Bernard Rodenstein
"Chronique épidermide" - 30 août 2021
Les seules folies de notre époque sont hélas les folies meurtrières.
Les êtres humains ne sortent du cadre que pour s’éliminer mutuellement de la surface du globe. Pour le reste, la civilisation capitaliste a réussi à nous transformer en bons petits soldats dociles et formatés pour la bonne cause : celle qui fait les beaux jours du CAC 40, entre autres.
La « mise aux normes standardisées » des humains, élevés comme des poulets en batterie pour consommer, pour produire et pour être jetés, conduit inévitablement au développement des instincts meurtriers ou suicidaires.
Dépouillée de toutes les fantaisies que libèrent en nous la légèreté et le goût de la fête, notre existence perd son sens profond et sa saveur.
« L’utilitarisme » poussé le plus loin possible dénature l’espèce humaine. Déjà nous étions des loups les uns pour les autres, désormais nous sommes les pires prédateurs du vivant, car les loups, semble-t-il sont bien moins féroces qu’on ne le dit.
Je plaide résolument pour les belles folies !
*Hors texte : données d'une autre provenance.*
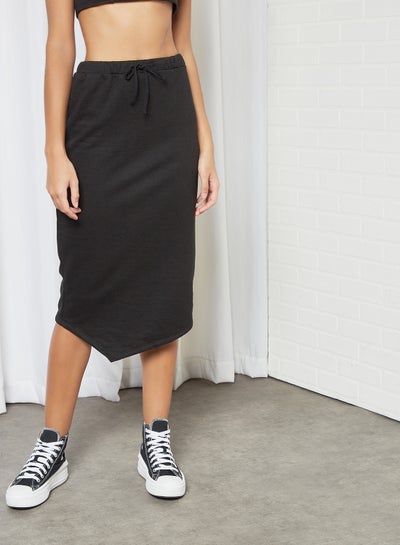 Buy Fleece Drawstring Waist Skirt Black in UAE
Celles qui caractérisent les artistes et les amoureux. Celles qui favorisent l’audace de la création, qui introduisent de la respiration dans les banalités du quotidien, qui nourrissent les rêves et les utopies.
Les folies « douces », par opposition avec les criminelles, sont des volcans dont le feu et la lave alimentent la splendeur et la fécondité de toute vie.
Elles sont indispensables à notre équilibre personnel et à la bonne entente que nous aimerions tous avoir entre nous. Elles sont le sourire qui efface les grimaces de la douleur et de la tristesse dues à nos défaillances ordinaires. Elles font de certains moments de notre existence des temps de fête dont les effets se ressentent durablement.
S’il faut tuer les folies il ne faut renoncer qu’aux pires d’entre elles, celles qui visent à l’élimination de nos semblables, mais s’attacher viscéralement aux bonnes folies, les folies qui nous font entrevoir, ne serait-ce que par intermittence, la pleine magnificence de l’humain toujours en devenir.